È proprio in questo contesto, spesso troppo medicalizzato e tecnicizzato che si inserisce il Progetto di Vita.
Il Progetto di Vita parte proprio dall’articolazione delle risposte ai bisogni presentati dalla persona disabile e dalla sua famiglia e da esso deriva la presa in carico globale che avviene attraverso l’elaborazione di un piano d’intervento e la stesura di un progetto vita, che accompagna la persona in tutte le fasi della sua vita, articolando una serie di risposte ai diversi bisogni.

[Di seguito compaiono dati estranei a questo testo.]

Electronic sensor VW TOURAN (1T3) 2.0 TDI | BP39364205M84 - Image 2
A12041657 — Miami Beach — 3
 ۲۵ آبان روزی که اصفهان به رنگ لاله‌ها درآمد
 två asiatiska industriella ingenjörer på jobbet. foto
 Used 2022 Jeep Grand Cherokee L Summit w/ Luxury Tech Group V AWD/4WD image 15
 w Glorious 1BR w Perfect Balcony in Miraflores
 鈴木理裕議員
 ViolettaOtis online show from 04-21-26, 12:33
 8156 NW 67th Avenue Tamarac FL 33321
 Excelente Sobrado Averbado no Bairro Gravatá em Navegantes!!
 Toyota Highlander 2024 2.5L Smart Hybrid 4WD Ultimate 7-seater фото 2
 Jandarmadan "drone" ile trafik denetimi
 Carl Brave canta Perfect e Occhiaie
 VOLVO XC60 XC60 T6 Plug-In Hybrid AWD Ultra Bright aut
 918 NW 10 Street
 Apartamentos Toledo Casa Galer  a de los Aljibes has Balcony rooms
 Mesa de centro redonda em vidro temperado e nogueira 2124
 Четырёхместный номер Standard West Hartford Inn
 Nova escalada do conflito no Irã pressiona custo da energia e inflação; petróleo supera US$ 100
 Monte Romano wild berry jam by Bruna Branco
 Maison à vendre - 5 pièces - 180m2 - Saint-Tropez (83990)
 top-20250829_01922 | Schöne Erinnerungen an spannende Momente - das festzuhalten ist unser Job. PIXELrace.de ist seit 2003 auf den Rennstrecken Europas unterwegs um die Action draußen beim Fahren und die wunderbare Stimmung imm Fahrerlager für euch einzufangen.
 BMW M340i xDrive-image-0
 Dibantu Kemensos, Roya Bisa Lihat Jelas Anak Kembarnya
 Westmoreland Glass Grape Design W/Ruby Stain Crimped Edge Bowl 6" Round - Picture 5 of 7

Negli anziani non autosufficienti, che spesso si presentano in RSA con un degrado cognitivo che ne compromette la capacità di esprimere i propri bisogni, il Progetto di Vita dovrebbe essere redatto in fase precoce, durante le attività di sostegno a domicilio, quando è possibile affrontare in maniera ancora consapevole il proprio inevitabile declino.
La redazione di un progetto individuale nel progetto di vita parte perciò dall’analisi del benessere individuale suddiviso in: benessere emozionale, fisico e materiale, sviluppo personale, stato delle relazioni, grado di autodeterminazione e integrazione sociale, rispetto dei diritti. Per ognuna di queste dimensioni viene rilevata l’importanza che la persona dà alla dimensione stessa e solo poi il grado di benessere che percepisce per quella dimensione. Questa rilevazione preliminare fornisce un quadro molto personale e intimo della qualità della vita percepita e desiderata dalla persona e su di essa dovrà inevitabilmente fondarsi la programmazione dei sostegni.
Riteniamo che questo modello, anche se non ancora recepito dal punto di vista normativo e delle linee guida generali, dovrebbe rappresentare un punto di riferimento per la gestione e la programmazione delle cure alle persone fragili e stiamo investendo perché le nostre soluzioni applicative permettano di predisporre nativamente il progetto di vita e gli interventi ad esso collegati.